- 8 Mart 2011
- 10.737
- 18.139
Doğum sonrası kaosumdan sonra, şimdi de bir başka kaosumla karşınızdayım. Kv 'min gereksiz dayatmalarıyla, ve yönetme çabasıyla uğraşıyorum. Acaba ben mi yanlış düşünüyorum.. Önerilerinizi almak istiyorum.
Olayı anlatayım,
Bizim yıllardır süregelen bir "ev alma" muhabbetimiz var. Daha doğrusu kv min bize ev alacağını söyleme durumudur aslında. Kv maddi durumu iyi, Allah daha çok versin. Eşimle nişanlandığımız dönemden beri bize bir ev alınacağını, evi olmayan tek oğlunun eşim olduğunu söyler. Şuan da kv min 35 yıllık binasında oturuyoruz. Buradan da kiralar alıyor. Biz kira vermiyoruz ama ev kötü durumda. Depreme dayanıklı değil. Gereksiz büyük ve eski sistem olduğu için ısı yalıtım yok. Kesinlikle ısınmıyor. Bağcılarda oturuyorum. Kvdem de özellikle depremden korktuğu için Kendisi yeni evinde oturuyor 2 senedir. Biz evleneli 2,5 sene oldu, hala lafı geçiyor. Ama ortada hiçbir şey yok.

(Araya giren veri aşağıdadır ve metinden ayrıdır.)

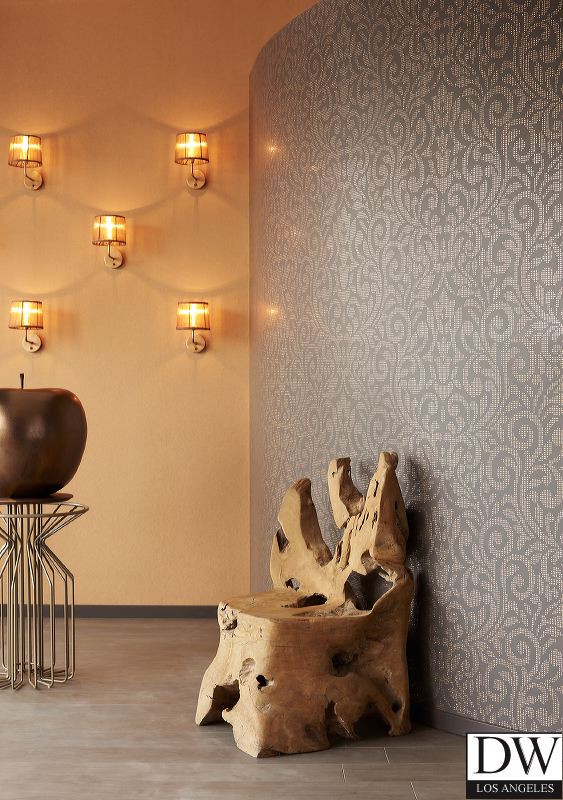 Luxor Gold Holographic Damask Wallpaper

Bu arada benim kv demden hiçbir şekilde ev talebim olmadı. Para onun parası. Zaten Allaha şükür eşimin de işi iyidir parasını kazanır. Orta halli geçinir gideriz. Çok istersek ve dişimizi sıkarsak eşimde bir ev satın alabilir. Eşime de güvenirim yani. Ama ev sahibi olmak heleki şu zamanda hiç kolay değil. Sabretmek gerek. Geçinebilmek gerek en önemlisi. Çünkü ev kredisi bizi hayli zorlayacak.. Bir de bebeğimiz var şimdi.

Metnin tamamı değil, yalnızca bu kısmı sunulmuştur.